Мартин Фрил взобрался на эстраду и сел там, свесив через край короткие ножки и болтая ими в воздухе. Он явился сюда с бейсбольной тренировки и через синее пальто и мундир пах солнцезащитным кремом. Он постукивал каблуками о край эстрады, чем немного раздражал Шона.
— Вы раньше работали с сержантом Пауэрсом, не так ли?
— Ага, — сказал Шон.
— Сложности были?
— Нет. — Шон следил, как Уайти ведет полицейского в форме к полукружию деревьев за экраном. — Мы с ним работали год назад в деле об убийстве Элизабет Питек.
— Женщина с ограничением в правах? — вспомнил Фрил. — Бывший муж сказал что-то об этом ограничении.
— Сказал, что бумага испортила жизнь ей, но не должна портить ему.
— Он получил двадцать лет?
— Да, двадцать полных. — Шон пожалел, что женщина в свое время отделалась всего лишь ограничением в правах. Ребенок ее рос в приюте, совершенно не понимая, что случилось и что с ним теперь будет.
Полицейский в форме удалился, а Уайти повел к деревьям еще несколько человек.
— Я слышал, он пьет, — сказал Фрил. Опершись ногой на пол эстрады, он подтянулся, прижав другое колено к груди.
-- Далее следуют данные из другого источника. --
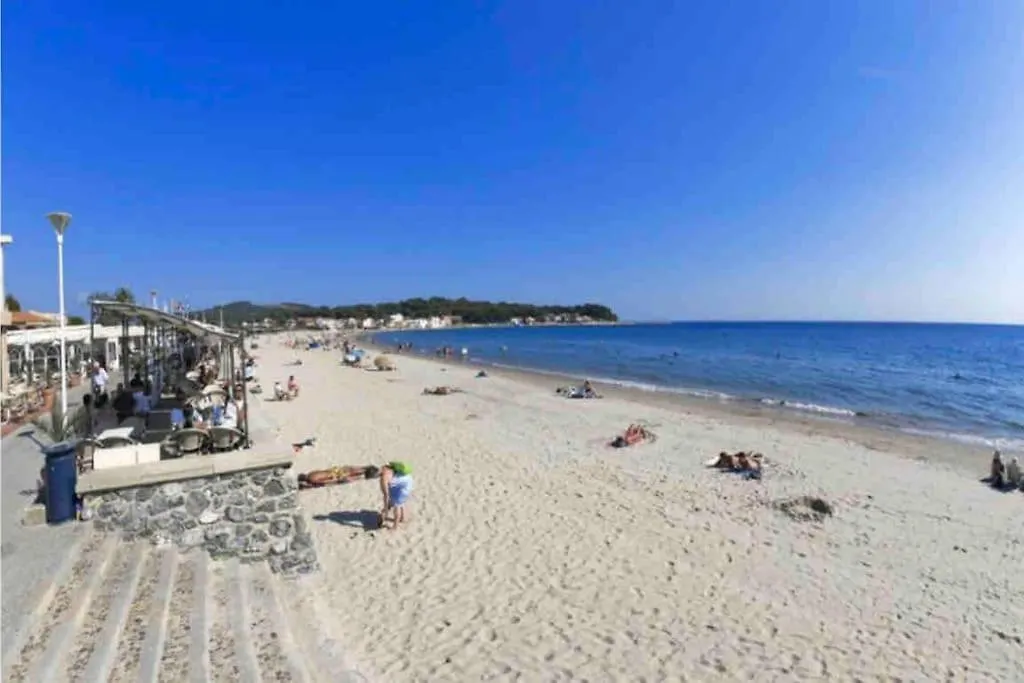 Apartment Bel Appartement, Proche Plage Les Sablettes La Seyne-sur-Mer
— На работе я его пьяным не видел, сэр, — сказал Шон, удивившись про себя, кого Фрил числит на испытательном сроке, его или Уайти. Он видел, как Уайти наклонился, разглядывая пучок травы возле заднего колеса фургона, после чего поправил отворот джинсов с такой тщательностью, словно это были брюки из универмага «Брукс».
— Ваш напарник, сославшись на какой-то вонючий листок нетрудоспособности, якобы повредил себе что-то в позвоночнике — поправляет здоровье, гоняя на яхте и водных лыжах во Флориде. — Фрил пожал плечами. — Пауэрс попросил прикомандировать вас к нему, когда вы вернетесь. Вы вернулись. Больше таких выходок, как та последняя, нас не ждет?
Подобных выволочек Шон ожидал, в особенности от Фрила, и потому сумел придать голосу должную степень раскаяния:
— Нет, сэр. Временное помрачение ума.
— Не единственное, — сказал Фрил.
— Да, сэр.
— У вас нелады в личной жизни, но это ваши проблемы. Сказываться на работе это не должно.
Поглядев на Фрила, Шон перехватил его взгляд, сверкавший холодным стальным блеском, выражение, которое он за ним знал и которое означало, что спорить бессмысленно.
И опять Шон лишь кивнул, проглотив пилюлю.
Холодно улыбнувшись Шону, Фрил стал смотреть, как вертолет с репортерами кружит над экраном на высоте ниже положенной. Он смотрел на него так, словно собирался еще до захода солнца уволить всю команду.
— Вы ведь знаете эту семью, так? — спросил Фрил, не сводя глаз с вертолета. — Вы выросли здесь.
— Я вырос на Стрелке.
— Значит, здесь.
— Здесь — это Плешка. Не совсем одно и то же.
Фрил отмахнулся от этого уточнения.
— Вы выросли здесь. И одним из первых прибыли на место преступления. И вы знаете этих людей. — Он растопырил пальцы. — Я не ошибаюсь.